El miedo a la vacuna es parte de la pandemia

La realidad de ahora es que estamos más alejados de nuestros seres queridos, pero también somos más conscientes de las consecuencias que pueden traer nuestros descuidos o irresponsabilidades...
domingo, 20 de diciembre de 2020 · 06:00

Esta semana se conoció que la FDA autorizó la implementación de la vacuna del Covid-19 de Pfizer en casos de emergencia. Inmediatamente los chats y las redes sociales, que ahora más que nunca se han convertido en lo más cercano a una sala de reunión familiar o de amigos, sirvieron como campo de batalla a favor y en contra de la tan esperada vacuna.

Aunque al principio todos pensaban que este hallazgo sería una especie de ticket para volver a la realidad, en lo que supimos que la vacuna fue aprobada comenzaron las dudas, e incluso muchos se dieron cuenta que la “realidad” que anhelan tanto no volverá nunca. El miedo se apoderó de quienes piensan que, con esta inyección, nos meterán una especie de chip o modificarán nuestro ADN y un sin fin de teorías, entre las que se asoman las típicas y nefastas teorías conspirativas que solo sirven para dividir a la gente.

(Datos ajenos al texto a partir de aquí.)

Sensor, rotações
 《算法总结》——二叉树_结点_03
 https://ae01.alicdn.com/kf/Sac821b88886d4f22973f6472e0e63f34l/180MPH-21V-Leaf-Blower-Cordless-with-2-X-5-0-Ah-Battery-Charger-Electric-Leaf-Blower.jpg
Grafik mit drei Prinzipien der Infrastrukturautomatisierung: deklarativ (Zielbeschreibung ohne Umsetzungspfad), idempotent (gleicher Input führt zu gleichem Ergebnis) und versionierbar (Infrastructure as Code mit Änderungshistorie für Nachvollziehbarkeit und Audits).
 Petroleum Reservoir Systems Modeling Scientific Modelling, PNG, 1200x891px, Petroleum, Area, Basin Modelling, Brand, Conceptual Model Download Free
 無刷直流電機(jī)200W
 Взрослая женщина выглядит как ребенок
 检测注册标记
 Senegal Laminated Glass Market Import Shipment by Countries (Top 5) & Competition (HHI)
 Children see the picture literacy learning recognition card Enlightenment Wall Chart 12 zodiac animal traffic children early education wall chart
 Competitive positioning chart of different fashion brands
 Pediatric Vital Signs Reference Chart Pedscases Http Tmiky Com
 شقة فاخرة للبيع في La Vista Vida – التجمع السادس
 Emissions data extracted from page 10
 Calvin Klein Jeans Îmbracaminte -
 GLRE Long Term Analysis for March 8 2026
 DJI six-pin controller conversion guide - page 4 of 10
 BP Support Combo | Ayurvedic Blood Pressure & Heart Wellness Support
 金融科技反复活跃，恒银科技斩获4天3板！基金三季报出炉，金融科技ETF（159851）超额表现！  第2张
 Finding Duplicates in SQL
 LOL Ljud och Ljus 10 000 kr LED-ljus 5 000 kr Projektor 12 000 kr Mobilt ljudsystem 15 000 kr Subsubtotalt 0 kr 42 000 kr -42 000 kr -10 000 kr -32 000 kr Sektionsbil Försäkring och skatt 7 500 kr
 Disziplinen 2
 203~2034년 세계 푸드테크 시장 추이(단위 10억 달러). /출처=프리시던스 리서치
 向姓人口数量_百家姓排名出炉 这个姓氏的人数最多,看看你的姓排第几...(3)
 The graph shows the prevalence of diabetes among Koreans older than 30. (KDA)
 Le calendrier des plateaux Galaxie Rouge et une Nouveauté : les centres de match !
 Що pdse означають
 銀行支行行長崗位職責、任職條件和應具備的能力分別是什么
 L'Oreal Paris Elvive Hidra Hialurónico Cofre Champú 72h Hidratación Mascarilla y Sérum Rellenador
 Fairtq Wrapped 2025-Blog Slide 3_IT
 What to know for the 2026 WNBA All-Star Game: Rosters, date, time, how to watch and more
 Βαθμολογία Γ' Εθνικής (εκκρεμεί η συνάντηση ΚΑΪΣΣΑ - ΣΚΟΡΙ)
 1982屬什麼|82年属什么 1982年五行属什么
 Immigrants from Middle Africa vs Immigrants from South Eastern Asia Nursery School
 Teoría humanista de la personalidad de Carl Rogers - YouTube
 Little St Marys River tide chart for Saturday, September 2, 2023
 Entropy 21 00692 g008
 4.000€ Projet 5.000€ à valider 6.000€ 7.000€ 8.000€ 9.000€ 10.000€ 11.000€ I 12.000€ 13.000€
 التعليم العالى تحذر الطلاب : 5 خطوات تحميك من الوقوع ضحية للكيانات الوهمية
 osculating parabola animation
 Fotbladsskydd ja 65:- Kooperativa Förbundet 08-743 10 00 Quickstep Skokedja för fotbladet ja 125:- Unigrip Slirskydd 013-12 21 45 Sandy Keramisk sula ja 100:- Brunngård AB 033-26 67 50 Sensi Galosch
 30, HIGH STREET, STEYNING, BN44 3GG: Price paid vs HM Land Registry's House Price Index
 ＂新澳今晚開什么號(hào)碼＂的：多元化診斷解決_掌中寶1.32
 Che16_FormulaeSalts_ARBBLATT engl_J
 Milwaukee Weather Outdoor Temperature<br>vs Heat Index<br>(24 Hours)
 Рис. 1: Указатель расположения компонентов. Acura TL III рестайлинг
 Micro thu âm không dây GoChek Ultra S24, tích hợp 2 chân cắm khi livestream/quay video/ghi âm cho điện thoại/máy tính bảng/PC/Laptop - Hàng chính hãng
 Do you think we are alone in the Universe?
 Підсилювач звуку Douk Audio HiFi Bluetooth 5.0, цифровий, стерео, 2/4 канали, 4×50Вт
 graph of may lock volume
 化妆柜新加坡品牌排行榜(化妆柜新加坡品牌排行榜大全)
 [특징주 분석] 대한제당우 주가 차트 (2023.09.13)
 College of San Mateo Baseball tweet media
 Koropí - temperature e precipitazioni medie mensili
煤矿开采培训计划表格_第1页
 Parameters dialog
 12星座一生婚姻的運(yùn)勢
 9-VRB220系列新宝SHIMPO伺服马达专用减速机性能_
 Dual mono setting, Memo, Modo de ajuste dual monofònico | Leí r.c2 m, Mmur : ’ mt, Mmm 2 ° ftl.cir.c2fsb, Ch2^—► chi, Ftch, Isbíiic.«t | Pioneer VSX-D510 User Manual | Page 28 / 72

Si bien es cierto, cada quien es libre de vacunarse o no. El problema no es que hay gente que no quiera vacunarse, porque siempre ha habido gente en contra de las vacunas. El verdadero problema es que no hemos terminado de afrontar que desde hace casi un año tenemos un nuevo estilo de vida y que la vida que teníamos antes no volverá, y no debemos verlo como algo negativo.

Los críticos de la tecnología y el internet bajaron la guardia porque sin estos recursos no hubiera sido posible sobrevivir esta pandemia. Ahora, aunque nos choque, dependemos aún más de estar sentados pegados a una computadora o de utilizar el móvil a toda hora.

La realidad de ahora es que estamos más alejados de nuestros seres queridos, pero también somos más conscientes de las consecuencias que pueden traer nuestros descuidos o irresponsabilidades porque finalmente entendimos que no se trata solamente de nosotros y así como podemos convertirnos en un peligro de muerte para alguien, quienes nos rodean también nos pueden poner en peligro a nosotros.

Hemos cambiado muchísimo. Hemos aprendido a respetar distintas opiniones y a verificar la información antes de reenviar, algo que debíamos hacer desde hace mucho tiempo y que todavía estamos trabajando en eso. Hemos aprendido a que no vale la pena discutir si no es necesario porque es suficiente con la distancia que nos impuso el virus.

La vacuna de Pfizer tiene más del 90 por ciento de efectividad y los efectos secundarios reportados, hasta ahora, son insignificantes en comparación a lo que nos ha traído el Covid-19. Sigamos aprendiendo a respetar las distintas opiniones y a entender que el miedo es parte de la pandemia. Quienes teman por la vacuna, investiguen y quienes la defiendan también. Quienes están en contra de esta inyección no necesariamente son “antivacunas” y la desinformación sigue siendo un mal que debemos curar, sobre todo en tiempos de crisis.